The carrier type can be determined by several visual clues, in this case the spring locking mechanism inside, the tapered end of the carrier and the cylindrical pinion shaft.

98-02 ABS Sensor Ring

GM switched to a Zexel Torsen type limited slip differential in 98, which most consider superior to the Auburn units due to the design, which does not incorporate wearable cone clutches but instead uses element gears. Whereas the Auburn differential is designed to deliver equal torque to both drive wheels, the Torsen uses torque bias to deliver more torque to the wheel with the most traction. More information about this type of differential can be found at the manufacturer's website, www.torsen.com

The differences from the Auburn can be seen in the helical gears inside, the squared-off housing and rectangular shaped pinion shaft. (not shown)

Rear End Swaps

When planning to replace the rear end in your 4th Gen Fbody, whether to change gear ratios, switch from drum to disc brakes, or to replace a damaged rear, it is important to obtain the correct rear for your car. Most importantly, if your car has NW9 (traction control) you should replace it with an NW9 rear, and vice-versa. Although it is possible to convert an NW9 rear to use standard J41/J65 connections, it does involve a good bit more work, and the ABS system may be compromised.

By plugging an NW9 harness into a car that originally had a J41/J65 rear, the single rear channel of the car's ABS system receives signal only from the left wheel sensor. It is possible for a 3-channel ABS system to function with an NW9 rear sensor, however it does not reliably work 100% of the time.
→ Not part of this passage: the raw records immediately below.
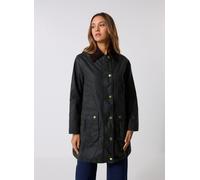 Barbour - Bekleidung Long Beadnell Wax Jacket - Grün - Größe XS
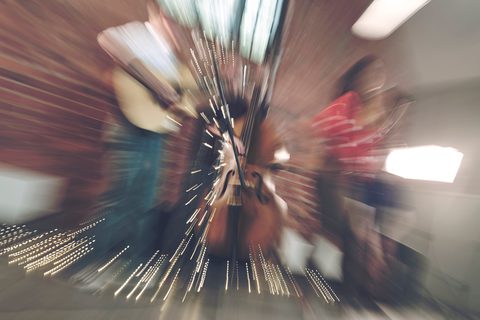 Orchid Acoustic Wedding and Corporate Music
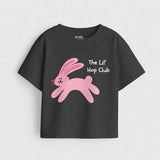 MiniSoft Cotton Tee – Lil Hop Club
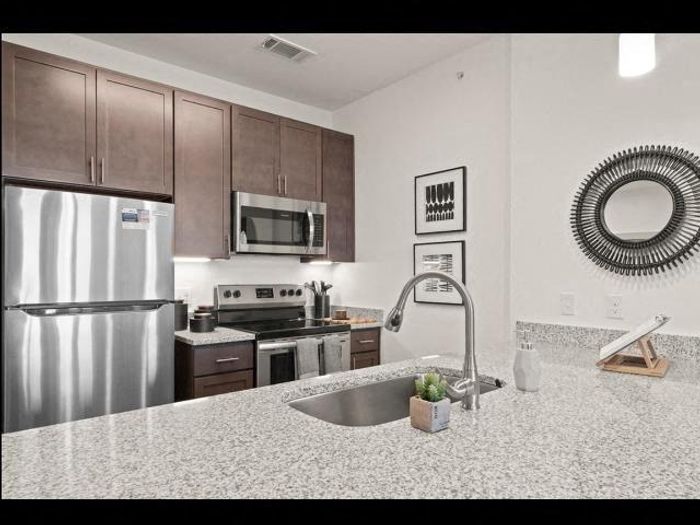 apartment community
The other option would involve drilling roughly a 3/4" hole through the top of the differential housing to insert a center ABS sensor, and installing the corresponding sensor ring on the carrier inside.

The highest (numerical) gear ratio available from the factory is 3.42 which was standard on all 6-speed V8 cars. Therefore it's a commonly sought rear to use to replace the 3.08 or 3.23 rears that came in the V6 cars. An added bonus for V6 owners is that the V8 rears also came standard with a limited slip differential, an Auburn unit from 93-97 and a Zexel Torsen carrier from 98 up. 93-97 V6 owners can also take advantage of the swap from drum to disc brakes. As a complete used rear can usually be found and installed for much less then sourcing the individual components and paying for installation, a rear end swap is an extremely popular modification, especially for the early 4th Gen V6 owners.